Ateistler neden daha ahlaklı
Pazar Sohbeti
17 Temmuz 2022
0:00
0:00
metin
Ateistlerin eski dinlere inananlara göre daha yüksek ahlak düzeyine sahip olduğunu düşünüyor musunuz?
Hiç kuşkusuz. Tartışmasız, apaçık bir gerçek. Alenen ateist olup küçük hesapçılık, alçaklık, suç işleme, namussuzluk etme, hırsızlık yapma, ayaküstü yalan konuşma gibi şeylere müptela olanlar çok enderdir. Bunun sebebi şudur: Genel-olarak ateizm cesaretine sahip olanlar, toplumun şiddetli bir tutkuyla sahip olduğu inançlara aykırı görüşler ve inançlar serdetmeye cüret eden insanlardır; genellikle toplumun ahlaken daha sağlam ve kavi duran, daha özgüvenli olan, yaşam tarzını ve davranışlarını alışkanlıklar üzerine yahut da çevresini taklit etme üzerine değil, ilkeler üzerine kurmayı tasarlayan bireyleridir. Ahlak anlayışları mahalleyi taklit etmekten ibaret olan insanlara oranla ahlaki konularda daha derinlemesine düşünebilen, daha sağlıklı tavır alabilen insanlardır. Örneklere bakınız, mahalle kahvesinde size söylenenlere inanmayınız, tartışmasız bir şekilde hem Türkiye’de hem diğer ülkelerde ateistler ortalamada dindarlardan ahlaki açıdan da kesinlikle daha üstündürler. Nadiren dindarlar arasında da ahlaki mevzuları derinlemesine tefekkür etmiş, alışkanlıkların ötesinde bir ahlak anlayışını geliştirebilmiş olanlar çıkar, bunu inkar edemeyiz. Buna karşılık ateistler arasında bu yeteneği edinmiş olanlar, ezici farkla çoğunluktadır. Hemen hemen hepsi öyledir.
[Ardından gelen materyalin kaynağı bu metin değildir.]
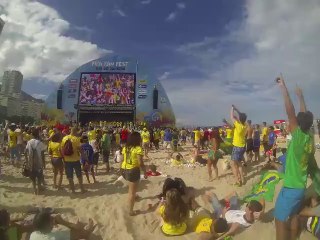 COUPE DU MONDE BRESIL 2014: En direct de Copacabana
Bunu söylerken şu gerçeği de göz ardı etmeyelim: Ateizmi ahlaken üstün kılan şey azınlık olmasıdır. Kalabalığın zıddı olmasıdır. Demek ki bir toplumda ateizm egemen öğreti olsa, mesela vaktiyle Sovyetler Birliği’ndeki ve uydu ülkelerindeki gibi okullarda öğretilen ve dayatılan öğreti olsa, şüpheniz olmasın, ateistlerin de ahlak seviyesi büyük hızla çöküşe geçecektir. Nitekim öyle de olmuştur. ‘Toplumun normlarına uyar görüneyim, aman milletin dediğinden farklı bir şey söylemeyeyim, farklı bir şey söyleyen olursa onun tepesine bineyim, kafasına vurayım ki ben de otoriteden yana olayım, aferin alayım’ diye özetlenebilecek olan tipik çoğunluk düşüncesine aykırı olduğu için ve aykırı olduğu sürece, ateizm ahlaklı insanlara cazip gelr. Çoğunluk inancı olduğu gün, çoğunluk dinlerinden farksız bir pespayeliğe yuvarlanacağından ben eminim.
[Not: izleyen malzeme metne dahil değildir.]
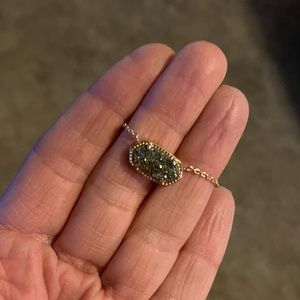 Iconic Kendra Scott Elisa Pendant Necklace In Rose Gold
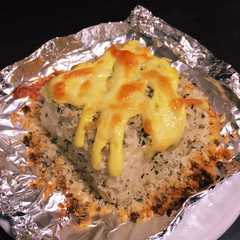รูปของ 簡単焼くだけ！ガーリックマヨ豆腐♪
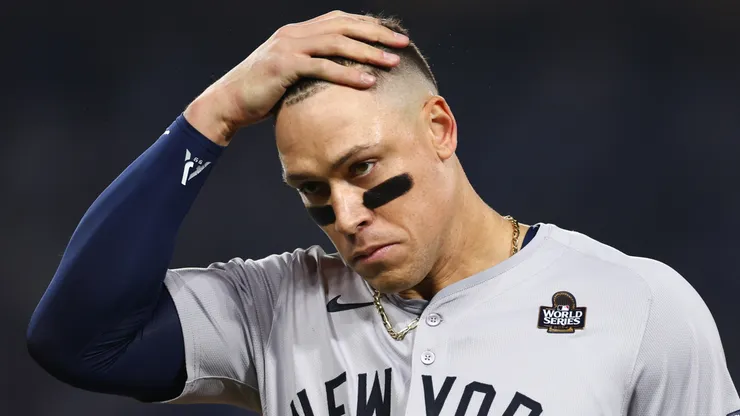 Aaron Judge of the New York Yankees
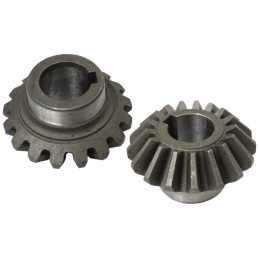 Bevel gear with 17 1 85 Samasz mower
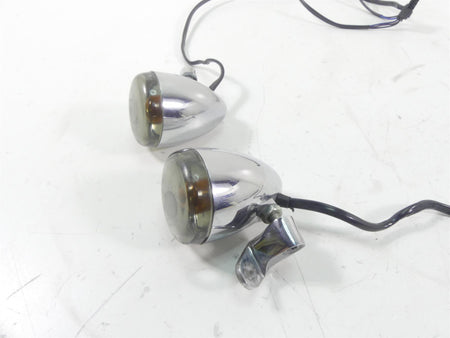 2007 Harley Touring FLHR SE CVO Road King Front Turn Signal Set - Read 68614-03 {{ shop.shopifyCountryName }} - Mototech271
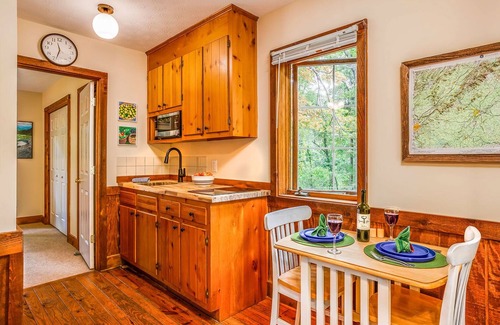 Montebello Cabina | Love Ridge Mountain Lodging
Geçenlerde size Polonya’da 1980’lerde Katolik dininin kazandığı devrimci rolü anlatmıştım. Öyle görünüyor ki dindar bir toplumda ateistlerin kazandığı rolü, Polonya komünizminde Katolik müminler kazanmış. Paradoks gibi görünüyor, ama sebebini anladığınız zaman çok basit bir şey aslında.
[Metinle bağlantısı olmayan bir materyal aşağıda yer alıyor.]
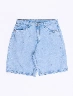 Bermuda de Brillos Azul Claro Mujer – Brillo sutil para looks llenos de estilo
Türkiye’de ateizm modası biliyorsunuz son beş altı yıl içinde bir hayli öne çıktı. Ateistlerin sayıca artış göstermesiyle birlikte ne oldu? Türkiye’nin diğer kitle-dini olan Kemalizm ile eklemlendi ateizm birçok insanın zihninde. Biliyorsunuz, mutaasıp Kemalizmle yobaz dincilik arasında, ahlaki duruş açısından, entelektüel derinlik açısından, zihinsel gelişmişlik açısından ciddi bir fark yoktur. O yüzden belli çevrelerde ateizm eşittir Kemalizm denilmeye başladığı anda, ateizm bünyesinde de çok ciddi ahlaki yaralanmalar, ahlaki çürüme belirtileri kendini göstermeye başladı. Tıpkı mutfaktaki masada bir hafta duran meyve kâsesi gibi, içindeki çürükler sırıtmaya ve hatta kokuşmaya, küflenmeye başladı.